Actually implementing this with 3 pointers `i`,`j`,`k`:

- `k`keeps track of where the next element in combined arr needs to be placed.
- `i` points to the element in the leftSubarray that is currently being compared to the `j` element in the rightSubarray.
- One of `i` or `j` will increment depending on which element in smaller.
- `k` will increment regardless because arr will have an element placed inside of it regardless of which one of `i` or `j` increments.

```python
# Merge in-place
def merge(arr, s, m, e):
    '''here, s,m, and e are simply indexes. s and e are INCLUSIVE! arr is the original huge array'''
    # Copy the sorted left & right halfs to temp arrays
    L = arr[s: m + 1]
    R = arr[m + 1: e + 1]

    i = 0 # index for L
    j = 0 # index for R
    k = s # index for arr

    # Merge the two sorted halfs into the original array

    #while neither points have reached the end of their respective subarrays yet
    while i < len(L) and j < len(R):
        #note the equality sign here! if the left stuff is equal to the right, then assign the elem from left subarray to the combined_subarray first (in other words will be left too)
        # the equality sign differs from QuickSort which is a strict inequality
        if L[i] <= R[j]:
            #steal from L and dump it to k
            arr[k] = L[i]
            i += 1
        else:
            #steal from R
            arr[k] = R[j]
            j += 1
        k += 1

    # One of the halfs will have elements remaining
    while i < len(L):
        #keep taking from L until none left
        arr[k] = L[i]
        i += 1
        k += 1
    while j < len(R):
        #keep taking from R until none left
        arr[k] = R[j]
        j += 1
        k += 1
```

---

## Time and Space Complexity

### Time

![image.png](attachment:image.png)

if $n$ is the length of our array at any given level, then the subarrays in the next level is $n/2$. We are interested in how many levels it takes to go from our initial big array to subarrays of all length 1. This is the same as how many times we can divide by $2$ until we hit the base case. This is $n/{2*2..}=n/{2^x}$=1 where x is the number of times we need to divide by 2. If

$$
n/2^x=1
$$

Then

$$
x=\log_2(n)
$$

We also note that each level takes approximately $n$ calls (recall that merging 2 sorted lists of $g$ and $h$ is $O(g+h)$ ) as the total 'length' of this level is $n$.

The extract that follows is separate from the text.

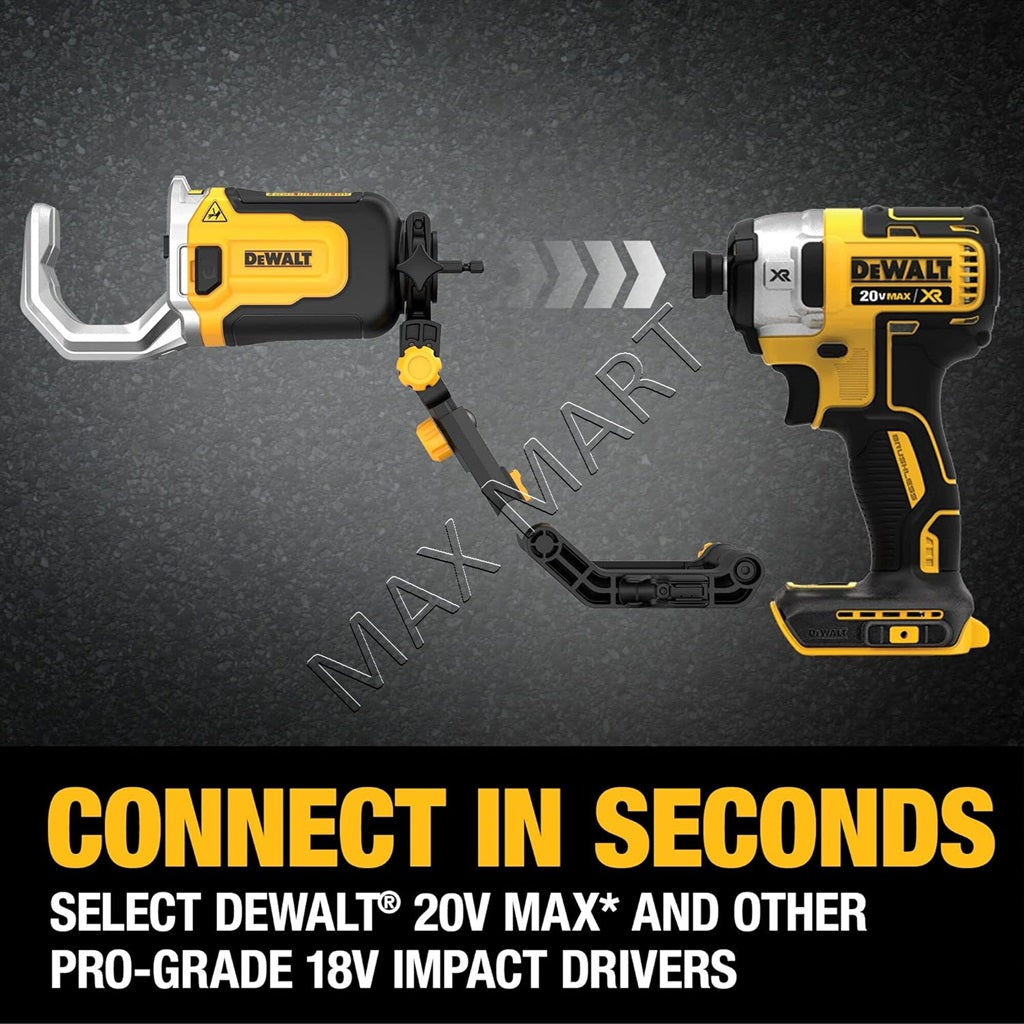 DEWALT DWAPVCIR IMPACT CONNECT PVC/PEX Pipe Cutter Attachment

Then, the total cost of `mergeSort` is $O(n) * O(log(n))$ which is $O(nlogn)$.

### Space

The height of the tree is $logn$ at any given level,  we have $n$ elems to sort which we will allocate temporary arrays for. The total space complexity is $O(n+log(n))$ which is $O(n)$. We sum rather than multiply because not all the arrays/memory are used at the same time

---

## Stability

MergeSort is stable. If we have duplicates `7`, one in the left array and one in the right, then when we merge, we always pick the one in the left subarray first. Hence preserving relative order.

```python
#equality case
if leftSubarray[i] <= rightSubarray[j]:
    arr[k] = leftSubarray[i]
    i += 1
```


## Comparisons

Insertionsort runs in worst case of $O(n^2)$, while MergeSort is $O(nlogn)$ in **all** of average/best/worst scenarios so MergeSort is superior.

The only time where we might use InsertionSort is when the array has few elems, or is almost nearly sorted, and then InsertionSort skips alot of the swapping.